Las Vegas house prices dropped to their lowest level of the year last month as higher mortgage rates throws cold water on the market.
The median sales price of previously owned single-family homes — the bulk of the market — was $430,990 in November, down 2 percent from October but still up 2.6 percent from November of last year, according to a new report from trade association Las Vegas Realtors.
Southern Nevada home prices have been largely sliding for months amid a broader slowdown in the market. According to association data, November’s median sales price was the lowest of 2022, and year-over-year price gains have shrunk.
“Local home prices are starting to look more like they did a year ago,” LVR President Brandon Roberts said in a news release. “But we’re certainly in a different place than we were last year, when prices were soaring and setting records. Of course, as we said at the time, those conditions were not sustainable.”
With mortgage rates more than double what they were a year ago, homebuyers continue to pull back in Southern Nevada.
A total of 1,521 houses traded hands in November, down 53.5 percent from the same month last year, the association reported.
Prospective sellers also appear to be shying away, as the association reported 2,096 new listings for single-family homes last month, down 26.5 percent year over year.
Meanwhile, available inventory slid last month but still was vastly higher than it was a year ago. A total of 7,342 houses were on the market without offers at the end of November, down 7.1 percent from October but up 161.7 percent from November of last year.
Roberts said in the release that since mortgage rates started rising this year, it has “sparked a situation where many buyers are struggling to afford a home, while many homeowners are reluctant to sell and give up the historically low interest rate they’re enjoying on their current home.”
Last year, rock-bottom mortgage rates fueled a homebuying frenzy in Southern Nevada. Sales prices hit new all-time highs practically every month, homes sold rapidly, house hunters showered properties with offers, and builders regularly raised prices and put buyers on waiting lists.

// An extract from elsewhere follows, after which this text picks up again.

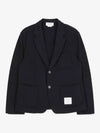 Men's 4 Bar Seesucker Loopback 4 Bar Sack Cardigan Navy - THOM BROWNE - BALAAN 2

Locally and nationally, however, buyers have been largely pumping the brakes for months. The Federal Reserve has raised interest rates multiple times this year in a bid to fight inflation, and the jump in borrowing costs has sparked fewer home sales around the country.
The average rate on a 30-year home loan was 6.49 percent last week, up from 3.11 percent a year earlier, mortgage buyer Freddie Mac reported.
Selma Hepp, deputy chief economist with housing tracker CoreLogic, said in a statement last week that housing markets “continue to face a loss of consumer confidence” and an “ongoing standoff between buyers and sellers.”
Potential buyers are “held back by the rapidly rising cost of homeownership and fears of price declines,” said Hepp, who added that potential sellers have financial incentives to stay put, as they might already have a lower mortgage rate than what they’d get on a new purchase.
Amid the drop in home purchases in Southern Nevada, sellers have increasingly slashed their prices, and builders have offered more incentives to house hunters and higher commissions to agents who bring in buyers.
All told, the median sales price of a previously owned single-family house has now dropped by just over $51,000 from a record-high $482,000 in May, according to Las Vegas Realtors data.
That month, sales prices were up 25 percent from a year earlier.